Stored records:
────

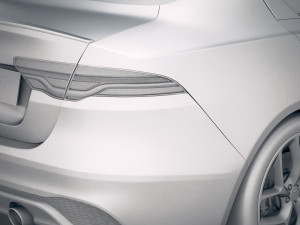 Jaguar XE R-Dynamic 2020 Modelo 3D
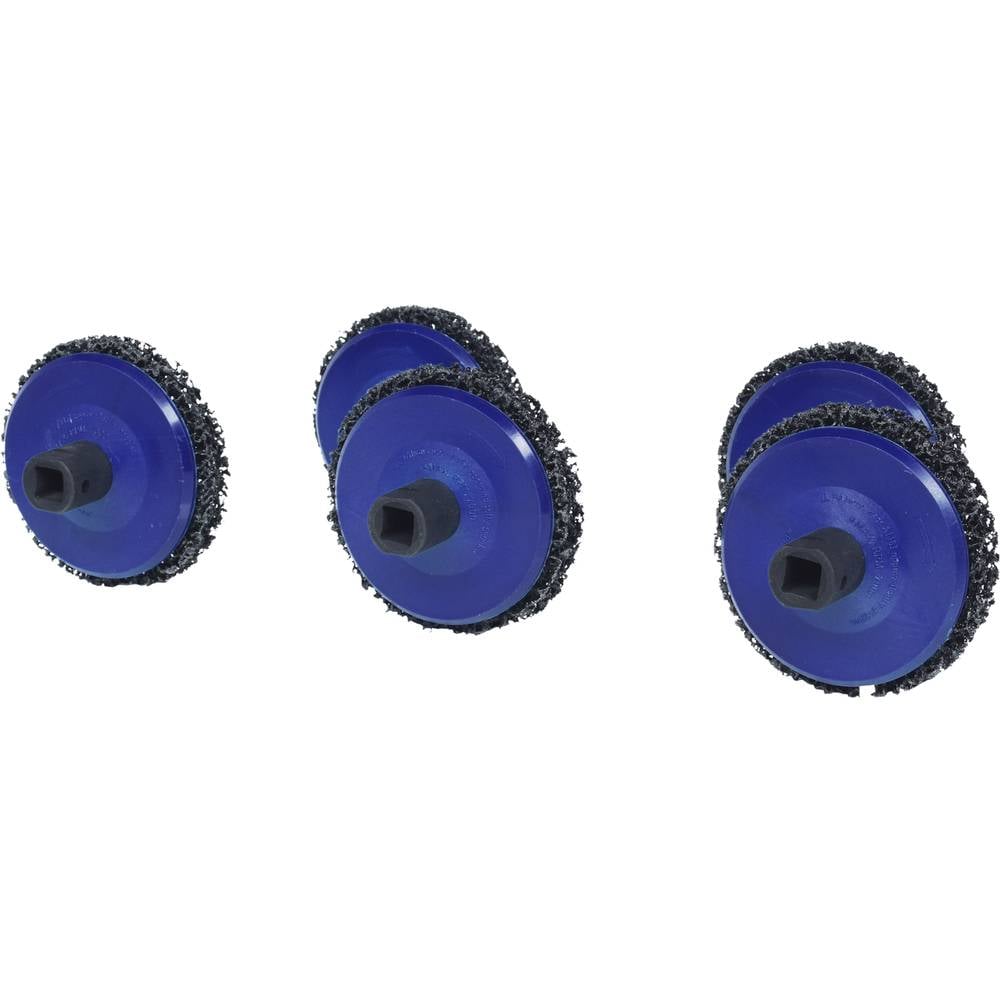 KS Tools 100.4037 Wielnaafslijper-set, Ø 105 mm, 5-delig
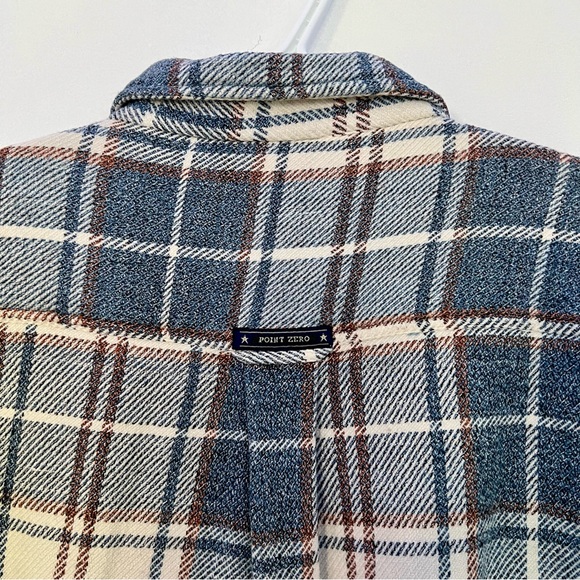(M) Point Zero Flannel Shirt - Picture 8 of 9
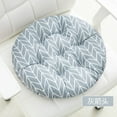 thumbnail image 1 of WUXIAB 1Pc Bohemian Soft Round Chair Pad,Round Cushions Are Used For Computer Cushions,Office Cotton and Linen Cushion,Indoor Dining Chairs Cushion Leaf, 1 of 3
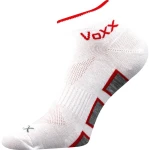 VOXX Ponožky sportovní slabé DUKATON se stříbrem BÍLÉ (3 páry) 43-46 100720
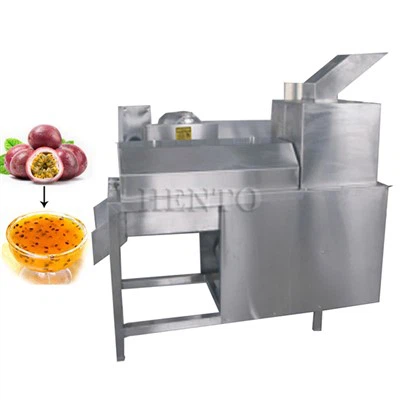 Passion Fruit Pulping Machine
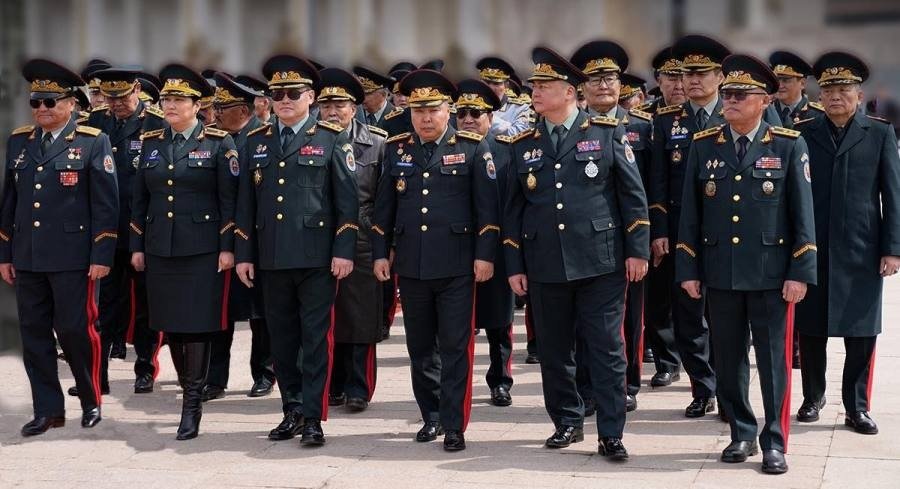 Монгол цэргийн дээд цол генералуудын өдөр өнөөдөр тохиож байна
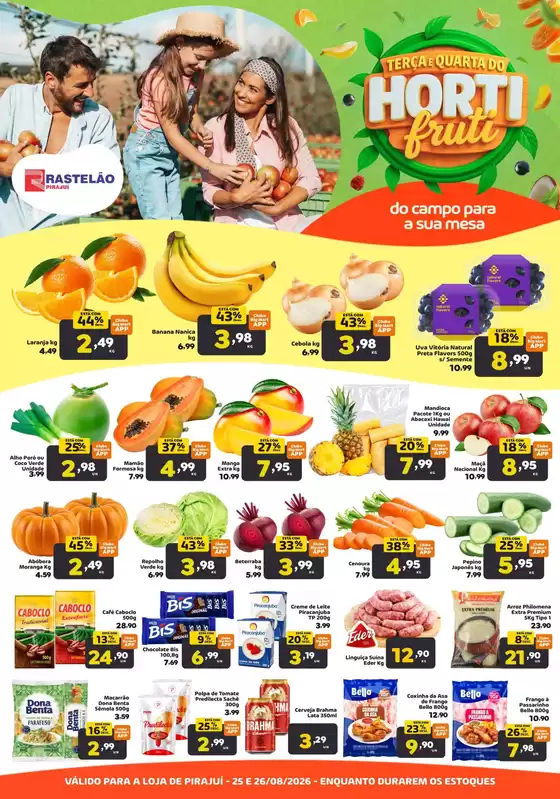 Catálogo Bigmart | Descontos e promoções | 2026-08-26T00:00:00.000Z - 2026-08-26T00:00:00.000Z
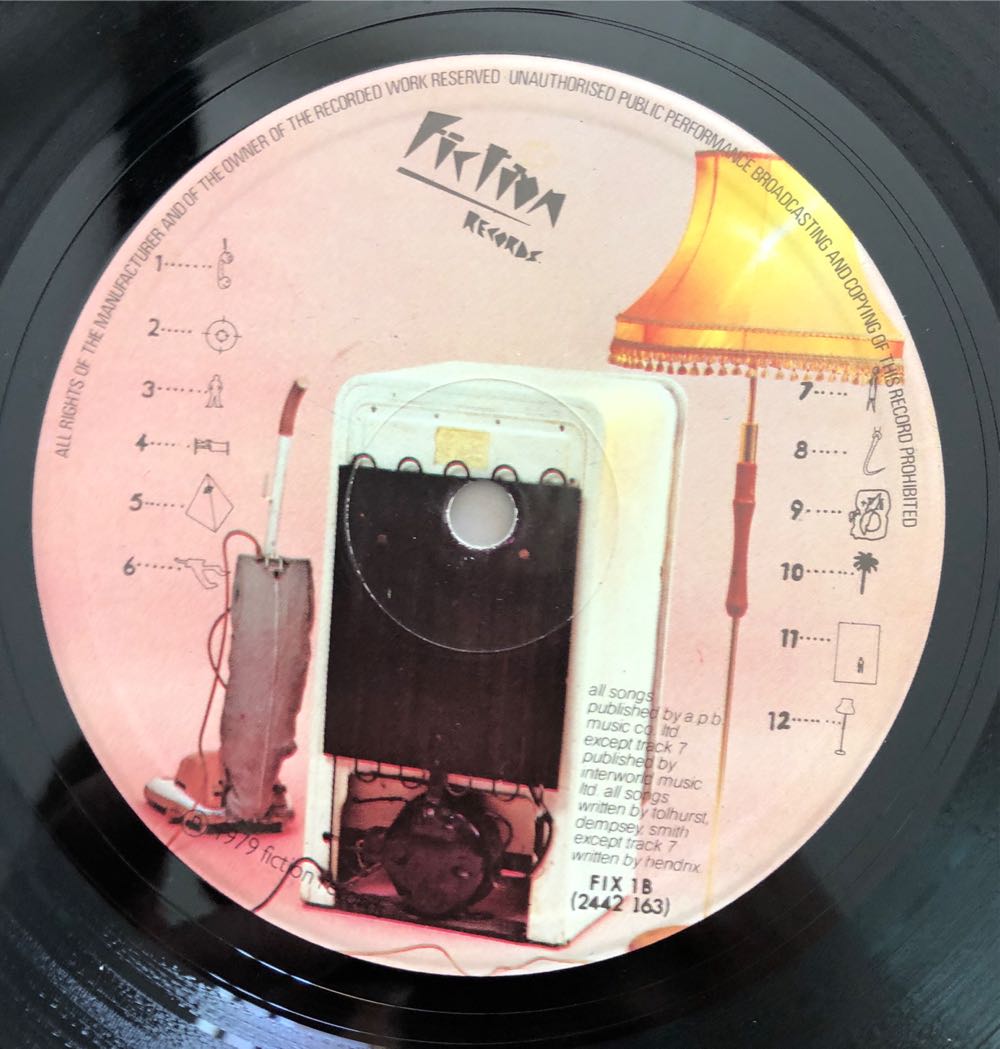 Three Imaginary Boys - Cure,The (12” - 35) music collectible [Barcode 081227981594] - Main Image 4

────

For this exercise, set down exactly the lines that run from the line holding "Catálogo Bigmart |" to the last line of the records above; include both end lines and omit pictures.

→ **OUTPUT FOR THIS TASK**:
 Catálogo Bigmart | Descontos e promoções | 2026-08-26T00:00:00.000Z - 2026-08-26T00:00:00.000Z
 Three Imaginary Boys - Cure,The (12” - 35) music collectible [Barcode 081227981594] - Main Image 4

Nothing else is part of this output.